── MATERIAL SHOWN ──

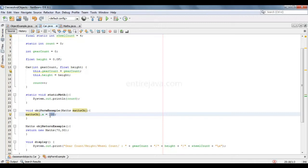Alright, see you in my next video. We're going to talk about pass by value and pass by reference — this is one of the most confusing terms you often hear. Especially if you have a background of C language, then you're the one to get confused on that. Let me help you get clarity on it. See you in my next video.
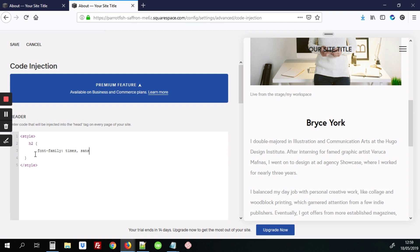It's also important to add a Fallback Text in case Times wasn't working on a particular browser. It'll then switch over to the Sans Serif.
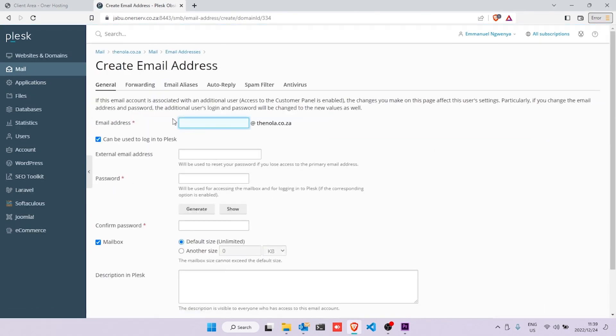Punch in your desired email address — we'll use 'manual' in this tutorial — then generate a new password, confirm it, and copy it to the description in Plesk, then click OK.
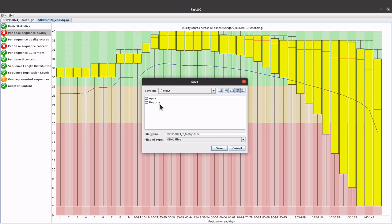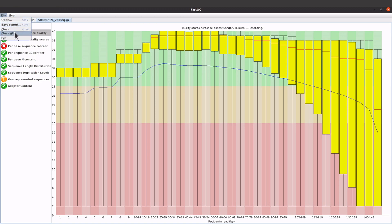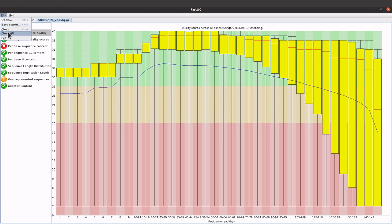Now you can close it. You can close it here. You can also come to File and then close. Close all or close. If you go to close, it will close the current window. Close all will close everything. Or you can just also use this, or you can use it here.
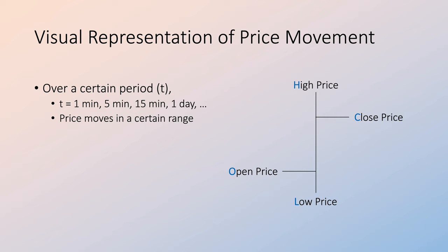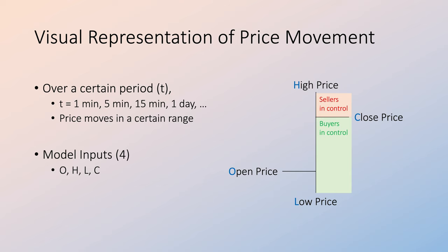open, high, low, and close prices. The distance between the high and close prices indicate the region where sellers are in control. The distance between the low and close prices indicate the region where buyers are in control. Thus we can use these four price points as inputs to machine learning algorithms.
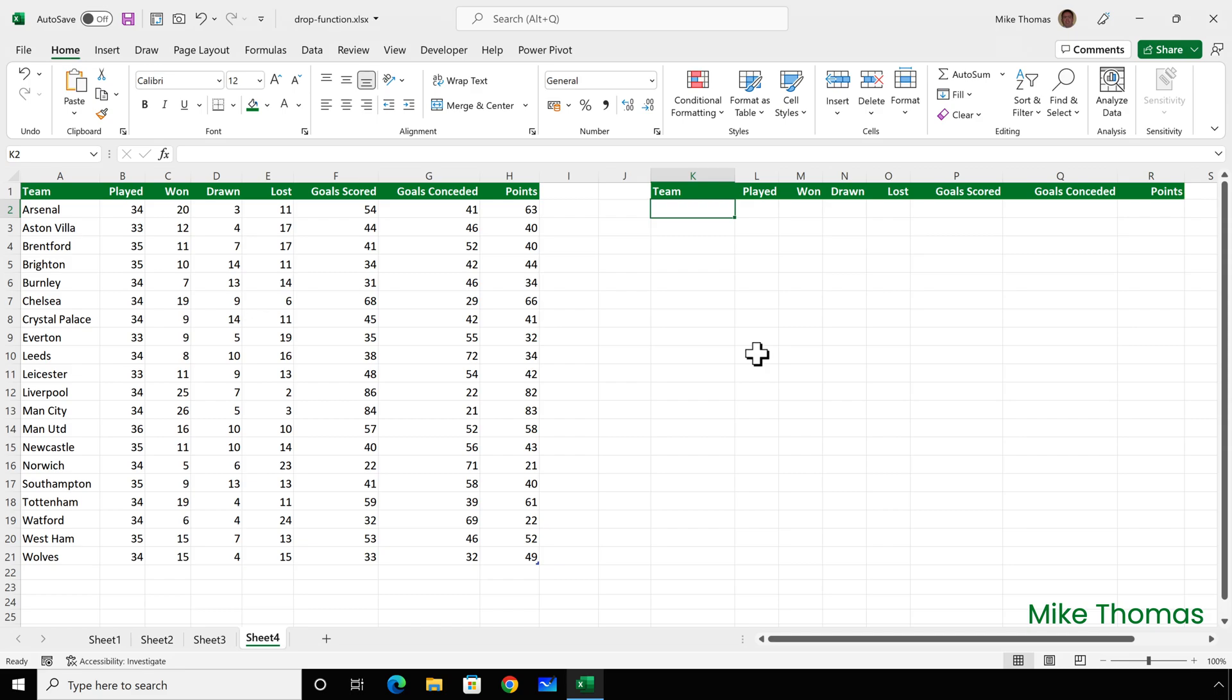Now, when I say exclude the top six rows, I don't mean alphabetically. I don't mean exclude Arsenal through to Chelsea. I mean exclude the top six rows based on the points.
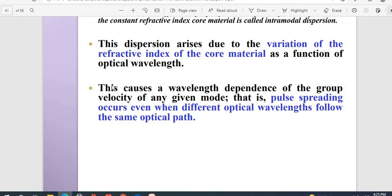This causes a wavelength dependence of the group velocity of any given mode. Based on that, pulse spreading occurs even when different optical wavelengths follow the same optical path. If the wavelengths are different but following the same optical path, this dispersion arises because of the wavelength dependence of the group velocity. Whatever group velocity we see depends on the wavelength — the lambda value — based on which the wave proceeds with dispersion.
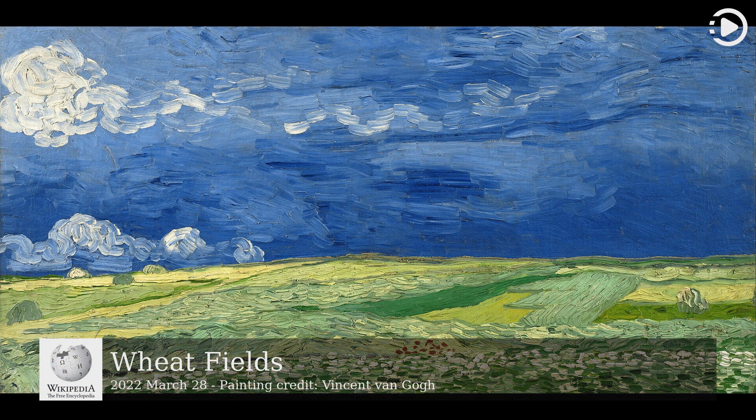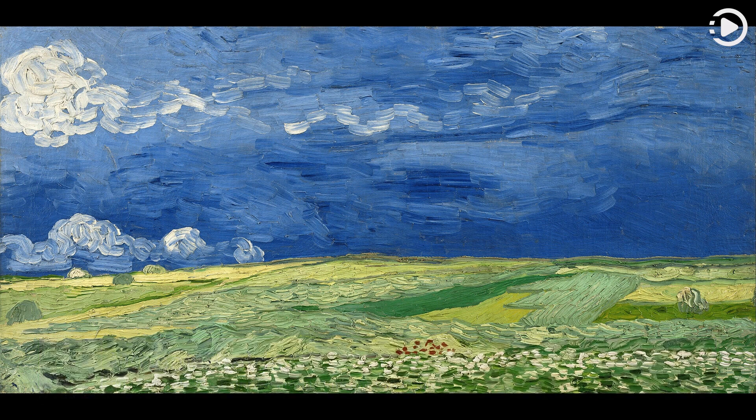Wheatfields is a series of dozens of paintings by the Dutch post-impressionist artist Vincent van Gogh, born out of his religious studies and sermons, connection to nature, appreciation of manual labourers, and desire to provide a means of offering comfort to others.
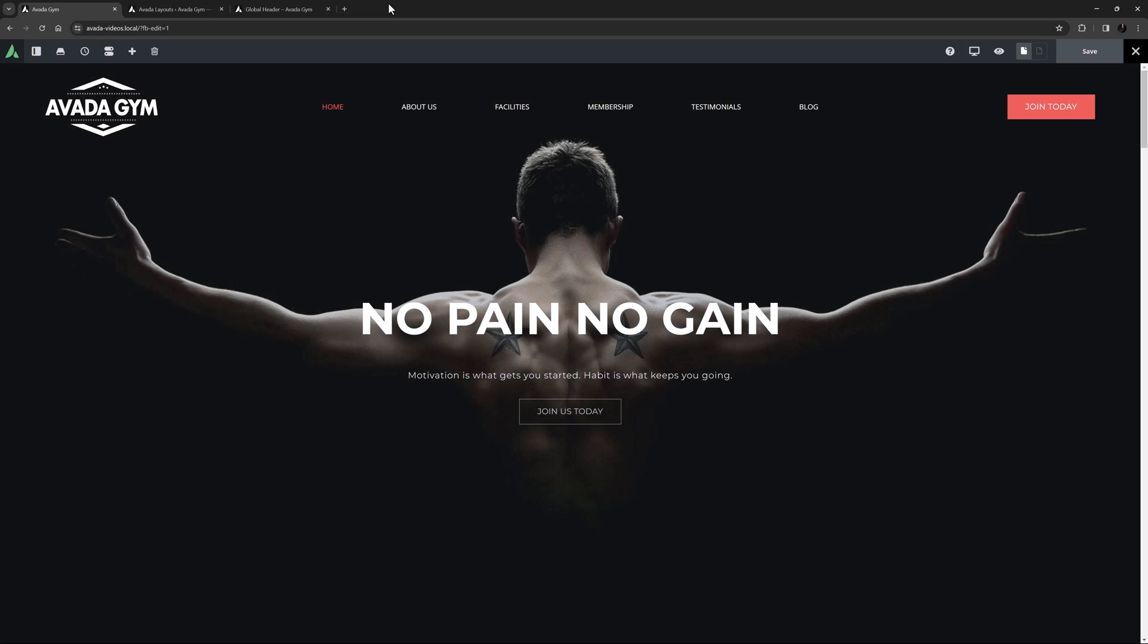Hi everyone, it's Geoff here from Avada. In this video I'm going to show you how to make a full page header with bottom navigation.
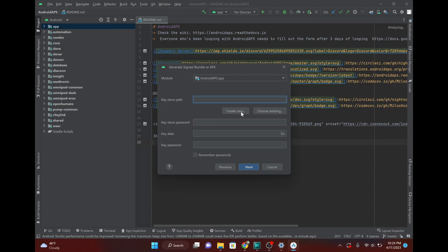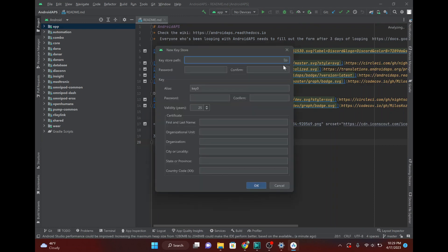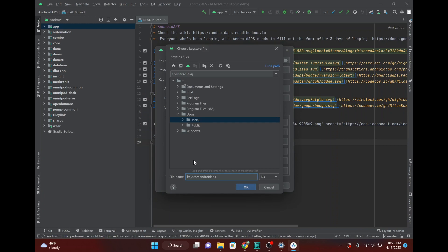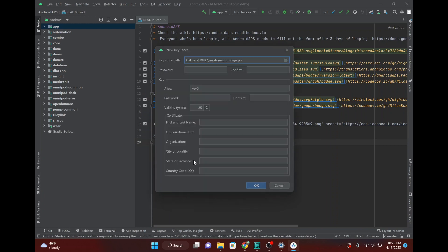You do have to create a Keystore path. You can save that anywhere. I just save it right there. Keystore, Android, APS. You can call it whatever you want. So, you do have to create a password. In the two years that I've used Android APS, never once have I had to actually go back and use that. But hypothetically, you could. So, just make sure that it is something that you will remember if you need to.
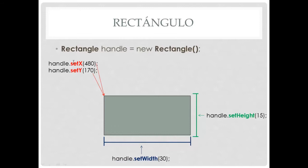And to define the height we use the method setHeight. All these dimensions will be given in pixels. Okay, so this is how we give shape or we create a rectangle and give it a determined position. So now let's go back to NetBeans.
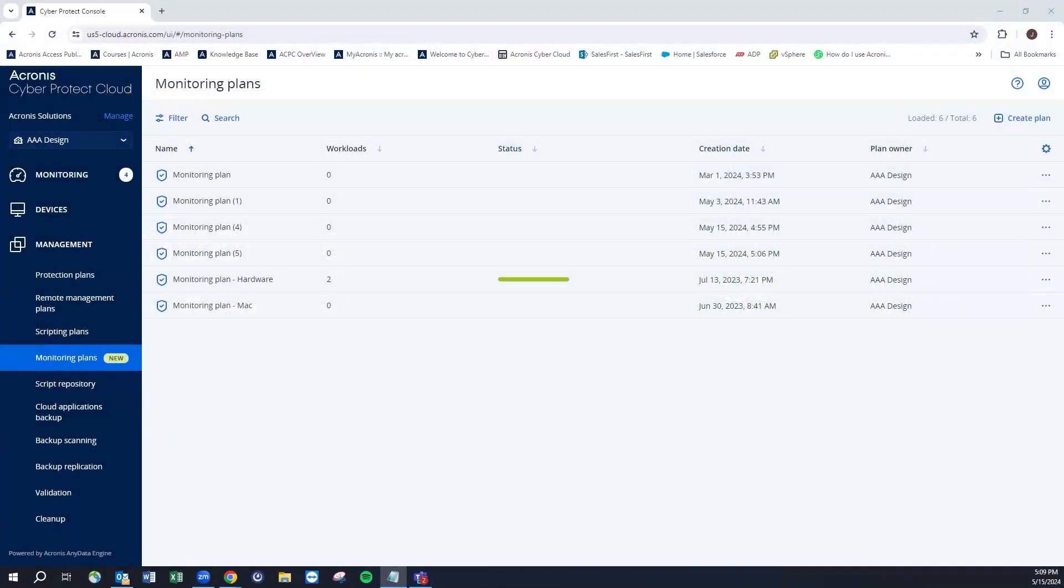Hello everybody, thanks for joining today's video. Today we'll be talking about monitoring plans. Monitoring plans are part of the advanced management package. They can be deployed either from the devices in a listing and selecting the type of plan.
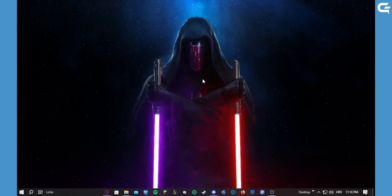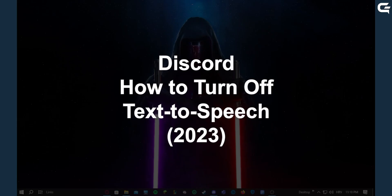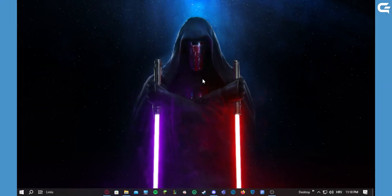Hello guys, so in today's video I'm quickly going to show you how to turn off text-to-speech on your Discord. So let's get started.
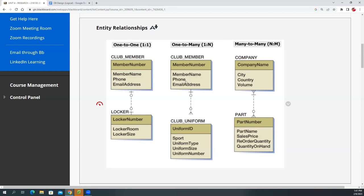Over here we have one-to-many and use the annotation as opposed to the M, but it's fine. So if you read from the club member side to the uniform side, we say one club member can have zero uniforms, so they don't have to have a uniform, it's not required, or they can have many uniforms, okay?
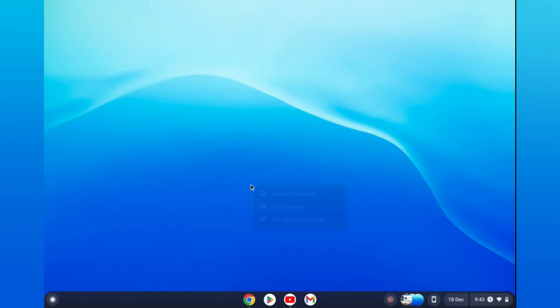So you're going to right-click, then you're going to tap on 'Always Show Shelf.'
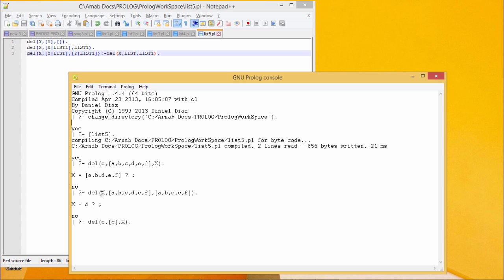I want to get that which element has got deleted. In this case, the answer is d here. So the answer is d here.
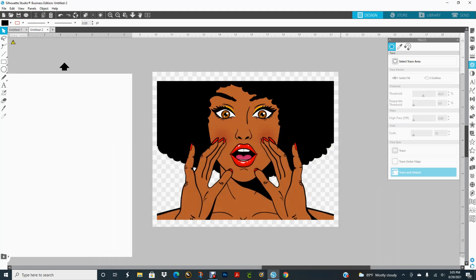Hello everyone and welcome to Miss Creative 47's YouTube channel. I'm going to show you how I want to create more hair for her because I sometimes get images like this where there's no hair — or they have some but some of it is cut off on a side or the top. I'm going to show you how to create hair for this particular image.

───

PROMPT: The answer must consist solely of the lines from the line containing "And to define" to the end of the data, reproduced exactly, with every picture left out.

WRITTEN RESPONSE:
And to define the height we use the method setHeight. All these dimensions will be given in pixels. Okay, so this is how we give shape or we create a rectangle and give it a determined position. So now let's go back to NetBeans.
Hello everybody, thanks for joining today's video. Today we'll be talking about monitoring plans. Monitoring plans are part of the advanced management package. They can be deployed either from the devices in a listing and selecting the type of plan.
Hello guys, so in today's video I'm quickly going to show you how to turn off text-to-speech on your Discord. So let's get started.
Over here we have one-to-many and use the annotation as opposed to the M, but it's fine. So if you read from the club member side to the uniform side, we say one club member can have zero uniforms, so they don't have to have a uniform, it's not required, or they can have many uniforms, okay?
So you're going to right-click, then you're going to tap on 'Always Show Shelf.'
I want to get that which element has got deleted. In this case, the answer is d here. So the answer is d here.
Hello everyone and welcome to Miss Creative 47's YouTube channel. I'm going to show you how I want to create more hair for her because I sometimes get images like this where there's no hair — or they have some but some of it is cut off on a side or the top. I'm going to show you how to create hair for this particular image.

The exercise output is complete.